Data START

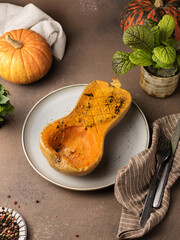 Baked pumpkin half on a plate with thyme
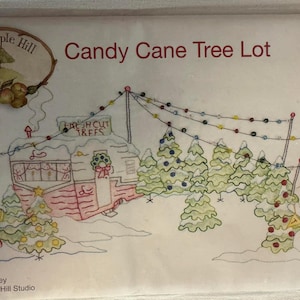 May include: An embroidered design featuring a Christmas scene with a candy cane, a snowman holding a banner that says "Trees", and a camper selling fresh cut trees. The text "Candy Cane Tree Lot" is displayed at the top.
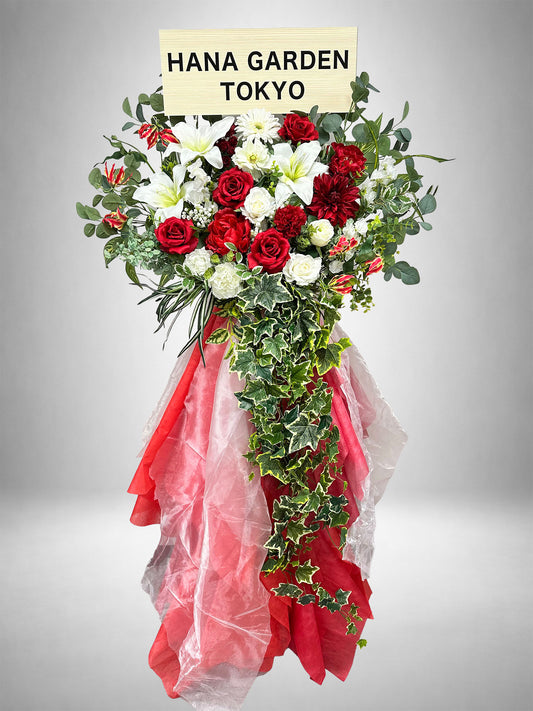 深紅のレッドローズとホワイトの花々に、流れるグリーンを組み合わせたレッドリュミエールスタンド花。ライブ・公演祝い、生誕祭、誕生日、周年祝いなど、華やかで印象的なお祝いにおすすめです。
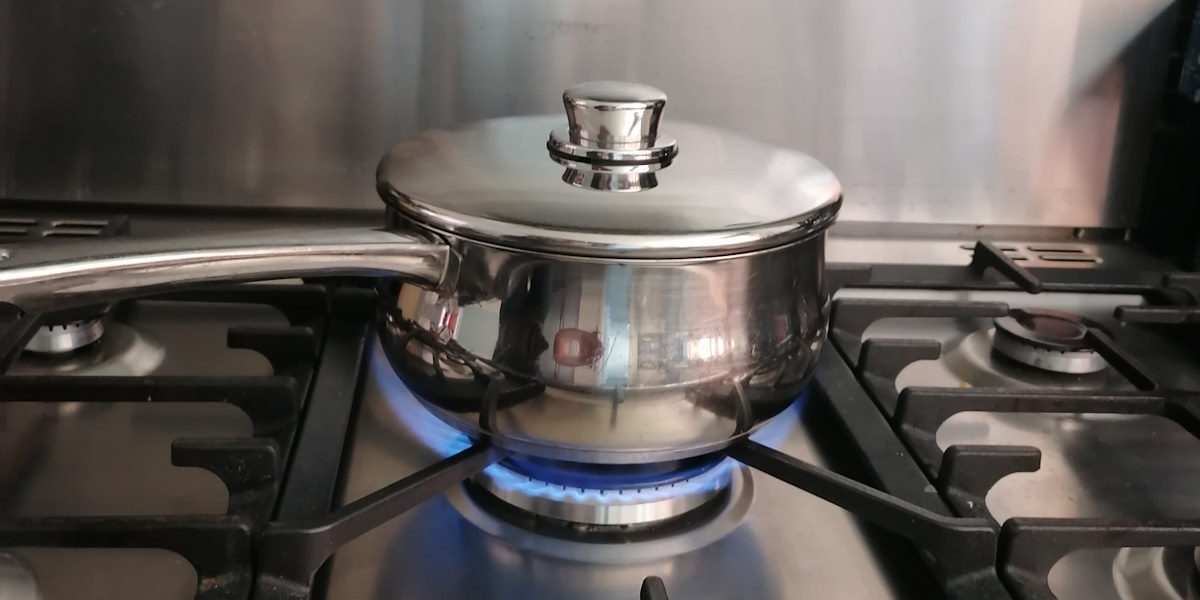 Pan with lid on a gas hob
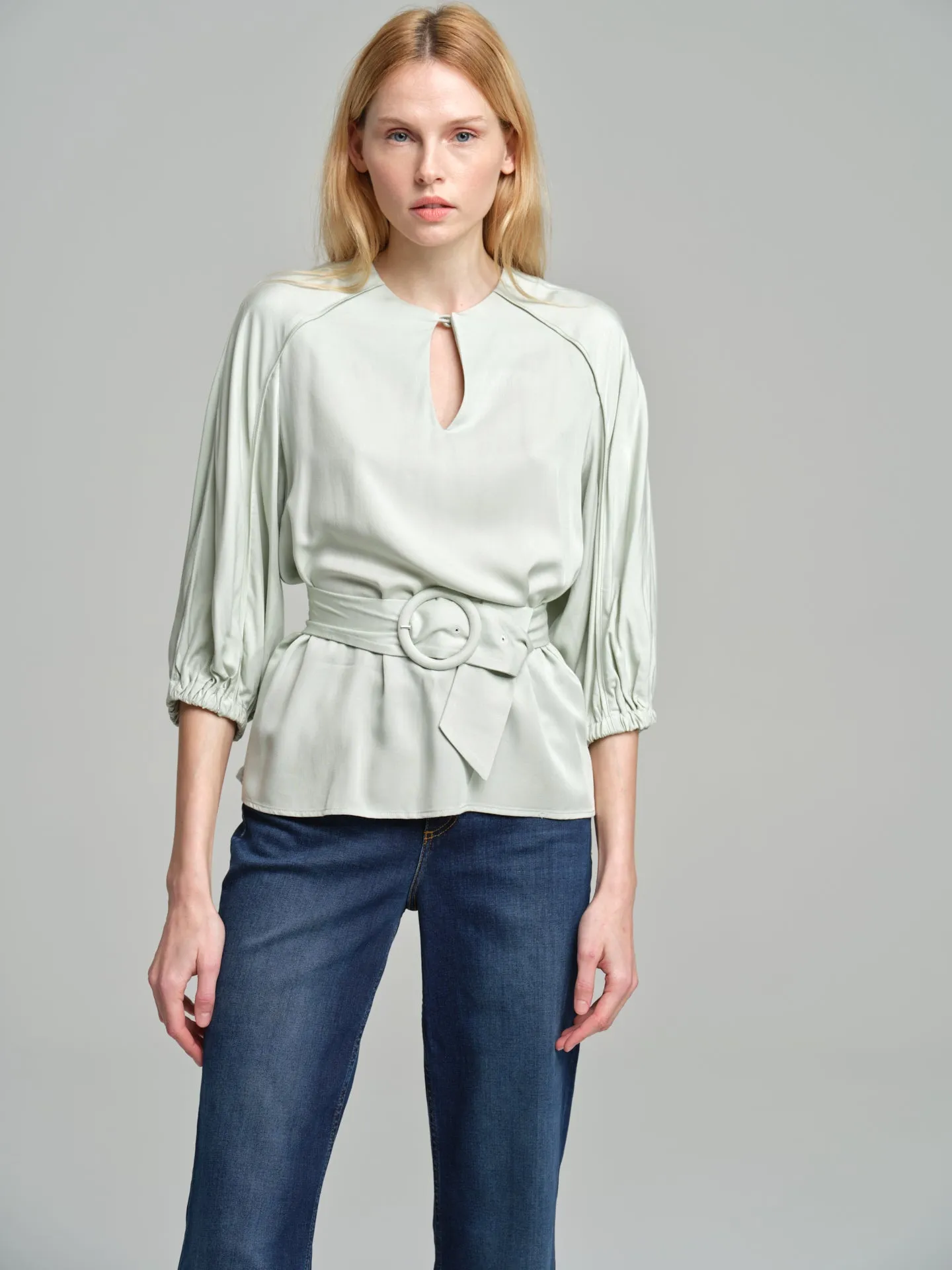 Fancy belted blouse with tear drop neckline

Data END

I'd like the records above given again exactly, please, without the pictures.

Solution for this problem
 Baked pumpkin half on a plate with thyme
 May include: An embroidered design featuring a Christmas scene with a candy cane, a snowman holding a banner that says "Trees", and a camper selling fresh cut trees. The text "Candy Cane Tree Lot" is displayed at the top.
 深紅のレッドローズとホワイトの花々に、流れるグリーンを組み合わせたレッドリュミエールスタンド花。ライブ・公演祝い、生誕祭、誕生日、周年祝いなど、華やかで印象的なお祝いにおすすめです。
 Pan with lid on a gas hob
 Fancy belted blouse with tear drop neckline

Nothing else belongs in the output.